We can read/query data from such database in many different ways: with any software supporting connecting to a SQLite database.

Python provides support for connecting to a SQLite database in its standard library, throught the [`sqlite3`](https://docs.python.org/3/library/sqlite3.html) module.

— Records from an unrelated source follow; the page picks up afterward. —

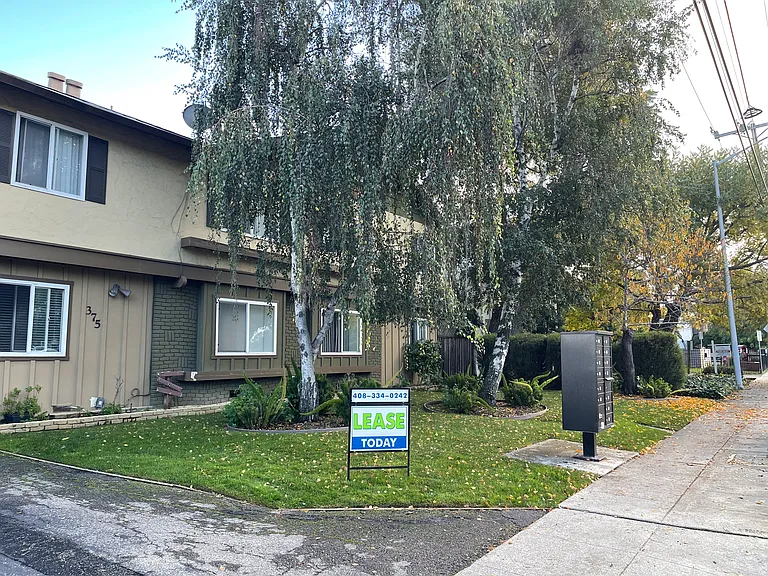 375 Saratoga Ave — Photo 9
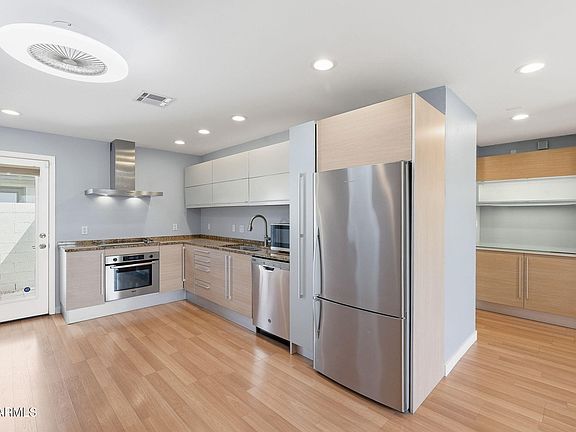 5th image of 1850 E MARYLAND Avenue #3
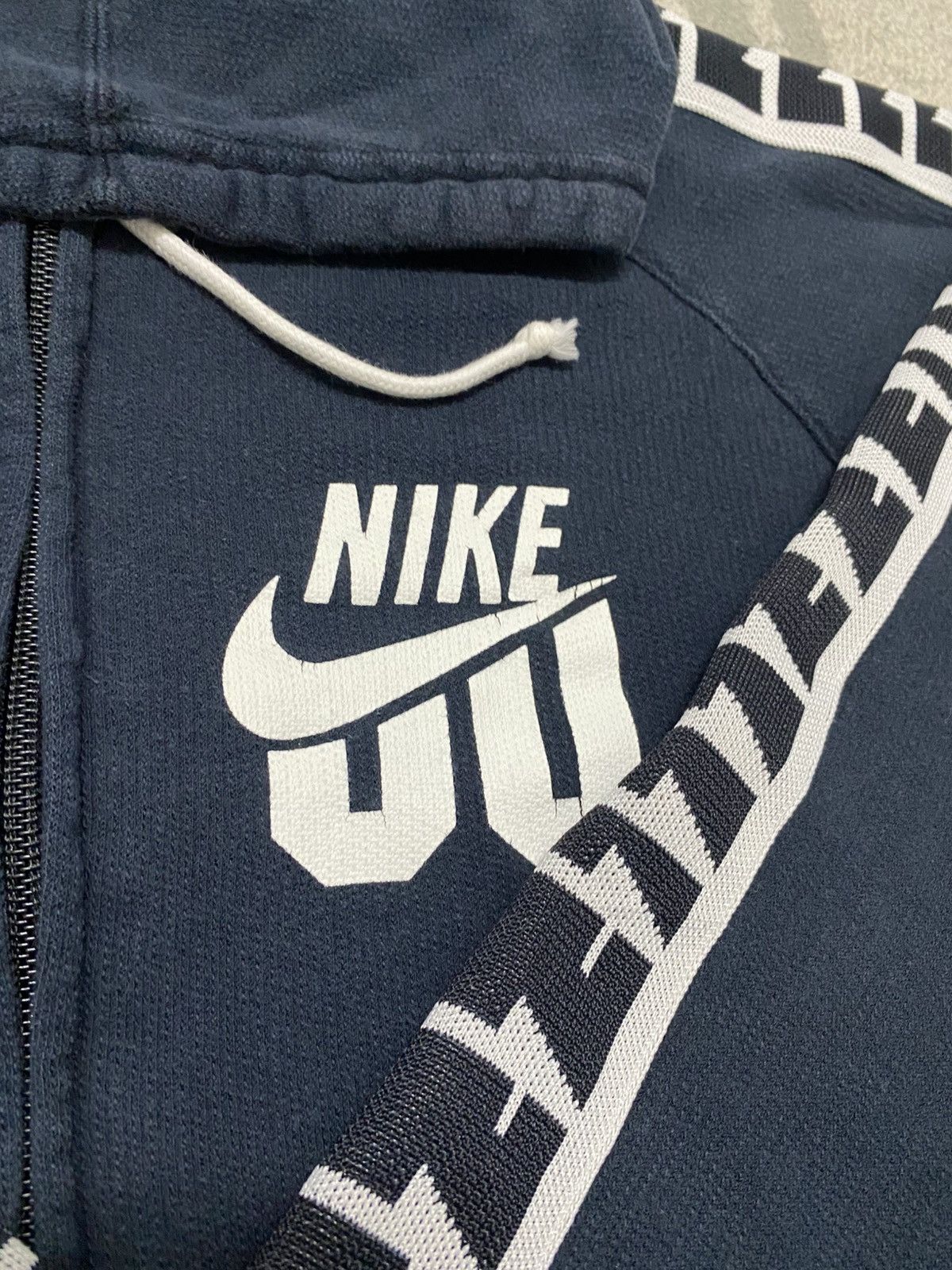Nike SB Vintage Nike SB Zip Up Hoodie Size US L / EU 52-54 / 3 - 2 Thumbnail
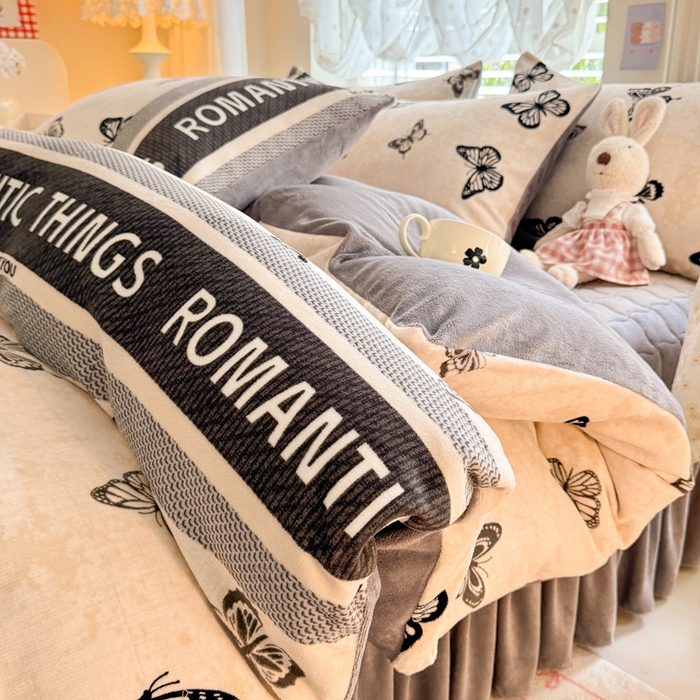 91家纺网 家纺一手货源 找家纺 金盛皇朝家纺 2025新款高克重印花牛奶绒床单床盖单件三件四件套 蝶蝶翩翩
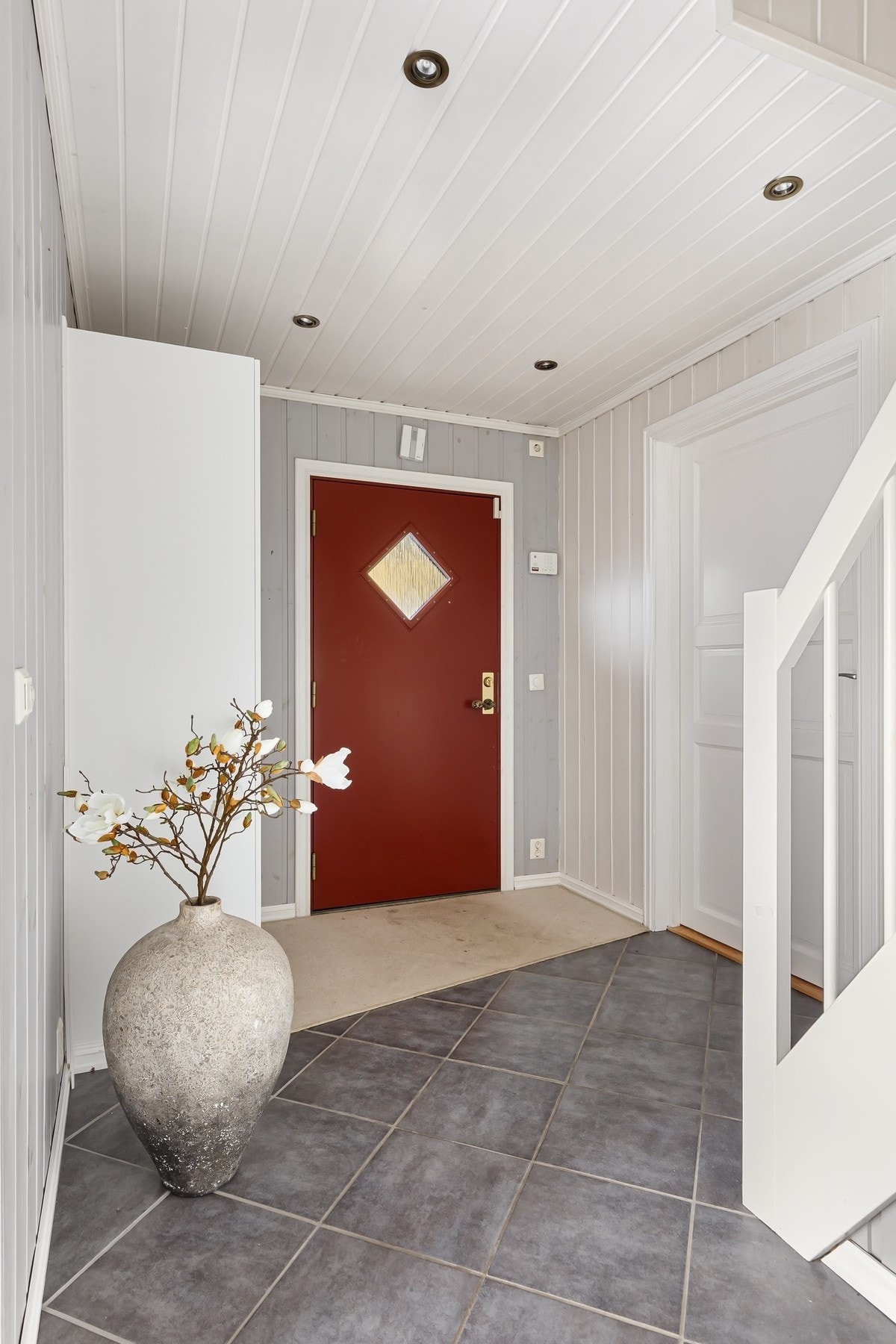 Romslig entré med downlights og garderobeskap Galleribilde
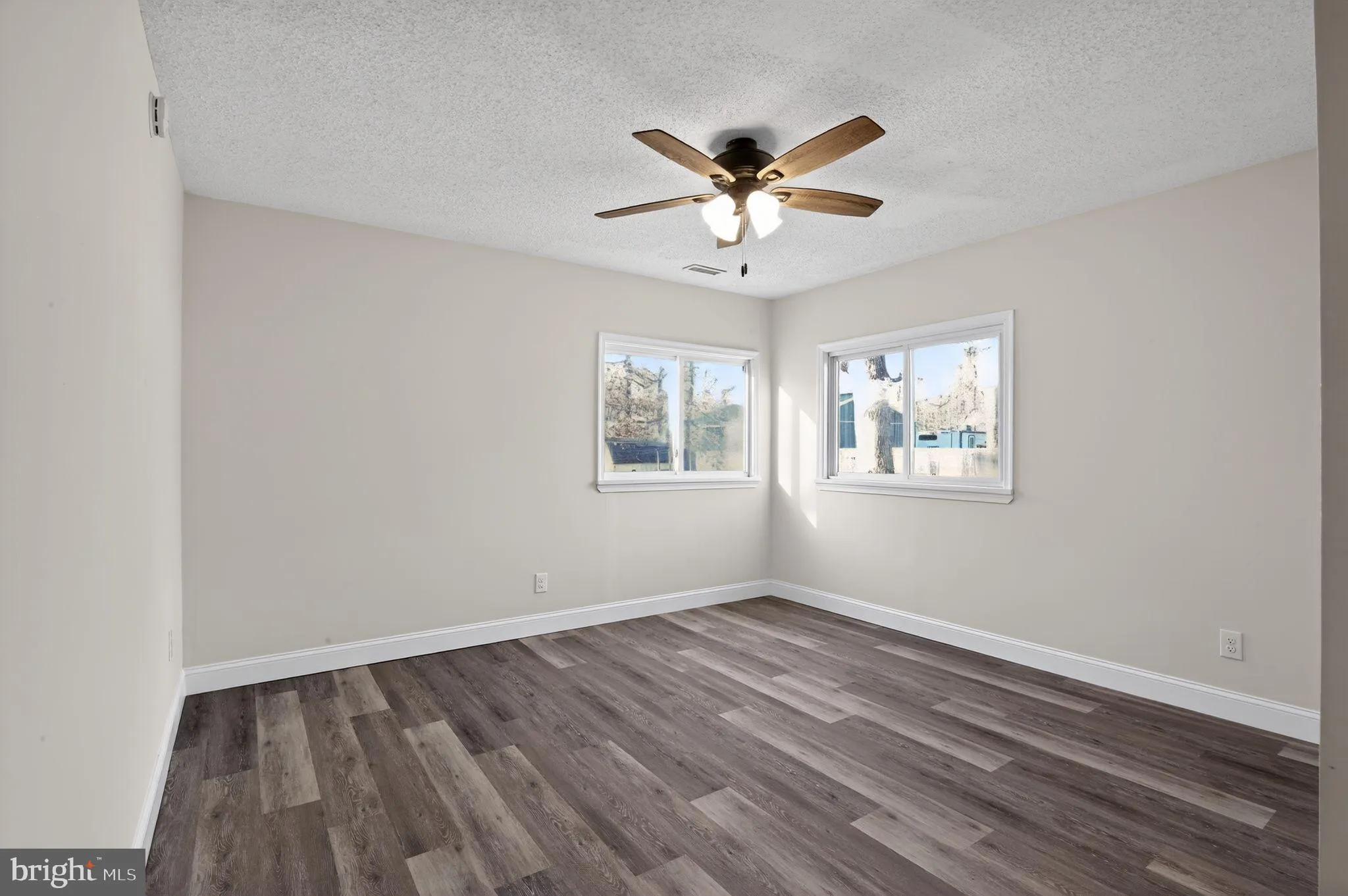 Millville, New Jersey 08332, United States, 3 Bedrooms Bedrooms, ,1 BathroomBathrooms,Residential,Active,254571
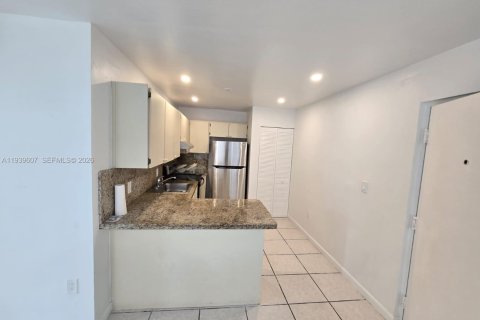 Condo in Miami, Florida, 2 bedrooms  № 1996997 - photo 2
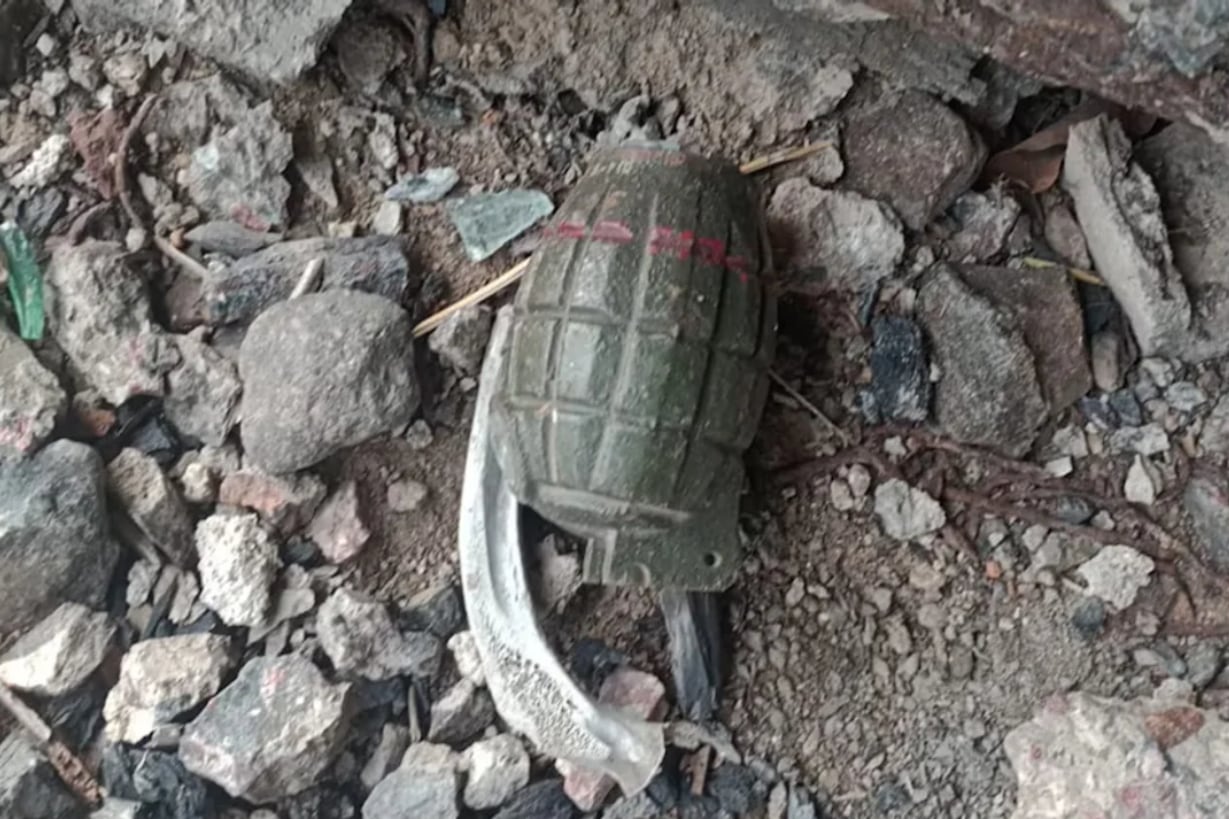 Una granada hallada en las vías del tren Belgrano Norte puso en alerta a los vecinos de Núñez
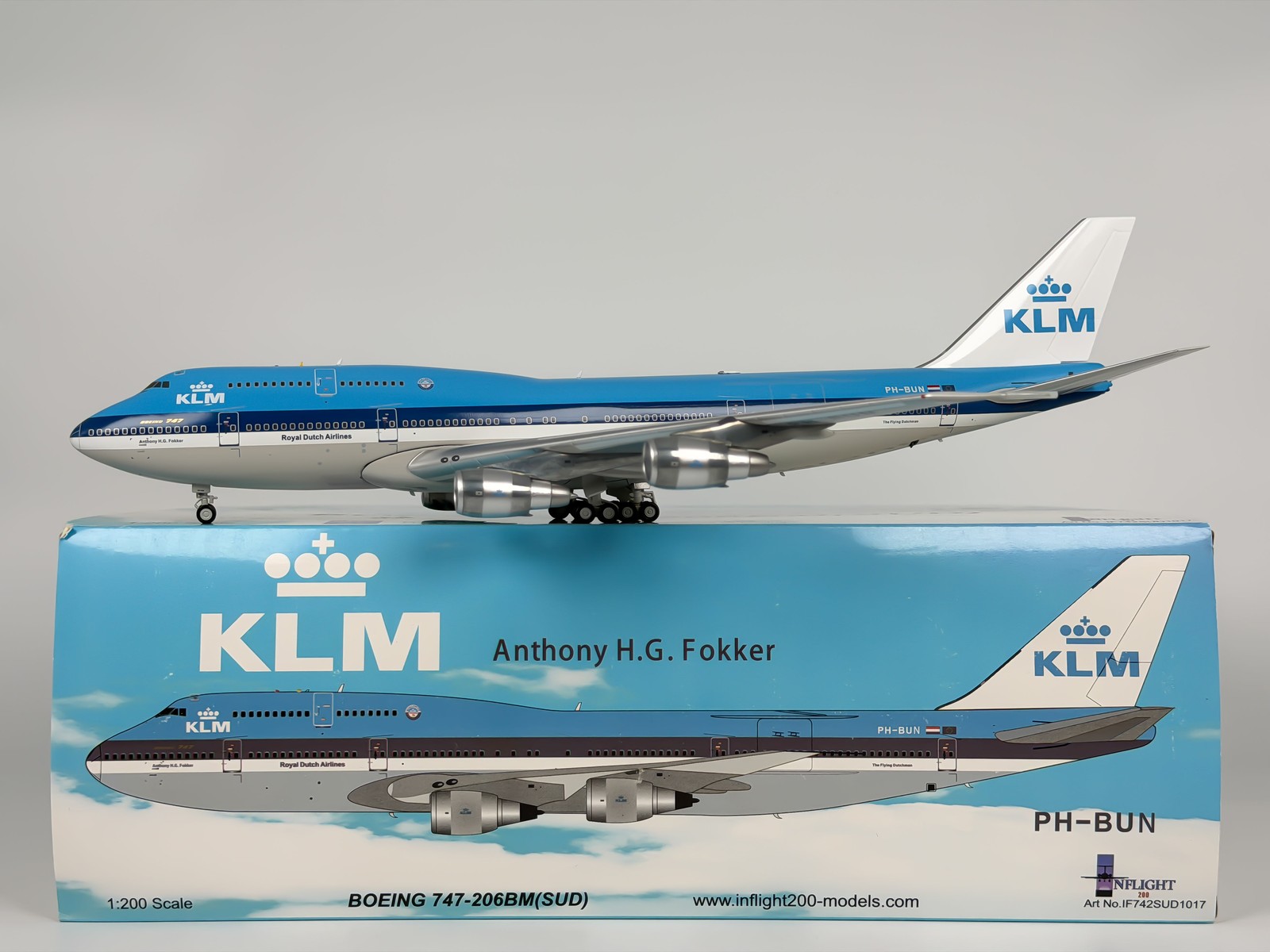 KLM Royal Dutch Airlines Boeing 747-200 1:200 InFlight200 PH-BUN (IF742SUD1017) KLM Royal Dutch Airlines Boeing 747-200 1:200 InFlight200 PH-BUN (IF742SUD1017)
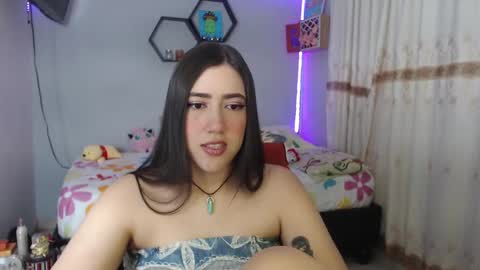 Snapshot of aurora_shy_ chatting on February 5, 2025, 11:17 pm Aurora online show from February 5, 2025, 11:17 pm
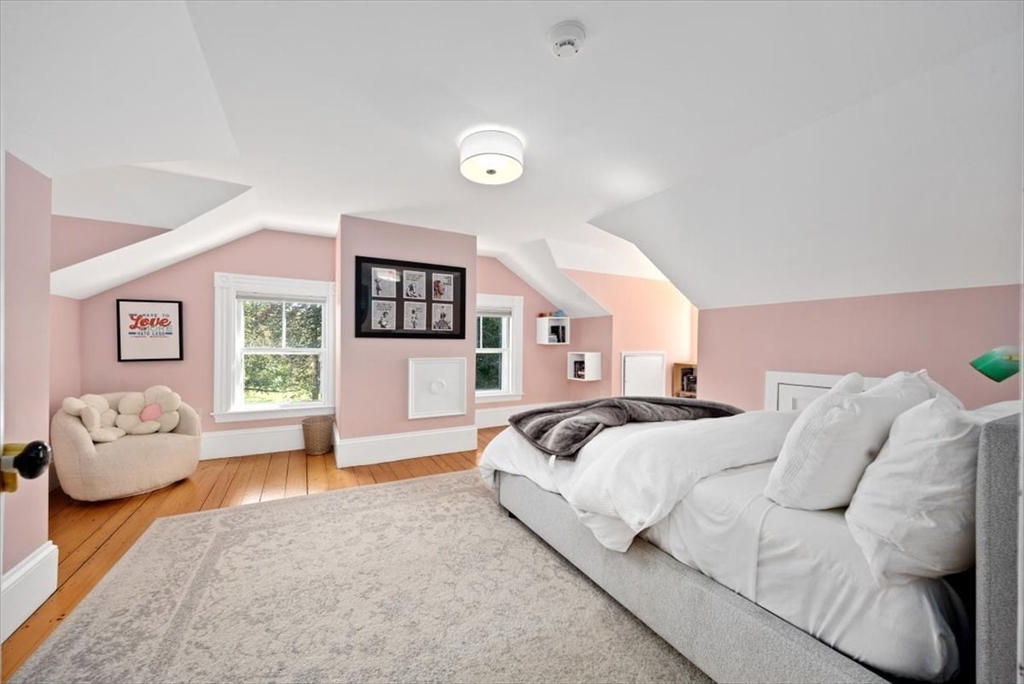 93 Main Street Hingham, MA 02043 - Photo 24 of 42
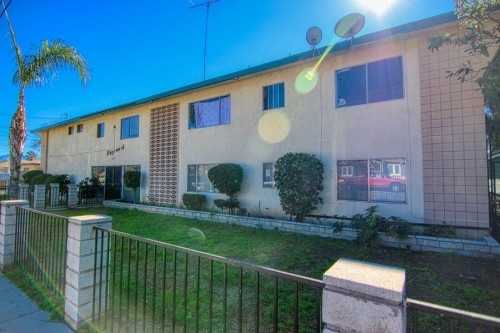 Building Photo - Edgewood Apartments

We can use Python's `sqlite3` module alone to do so (example below), but also make use of Pandas. The advantage of using Pandas to interact with the database is that the result arrives already as a Pandas Dataframe.

In [None]:
# The first step is to CONNECT to the database
#
import sqlite3

# Create a connection
conn = sqlite3.connect('example.db')

In [5]:
# Using SQLite only, we can simply execute the query

c = conn.execute('''SELECT * FROM students''')
c.fetchall()

[(1, 'John Doe', 20, 'Male'),
 (2, 'Jane Smith', 22, 'Female'),
 (3, 'Bob Green', 21, 'Male'),
 (4, 'Lisa Brown', 19, 'Female'),
 (5, 'Tom Lee', 23, 'Male')]

In [6]:
# With Pandas, besides the SQL statement, you pass the CONNECTION objection
#
import pandas

pandas.read_sql_query('''SELECT * FROM students''', conn)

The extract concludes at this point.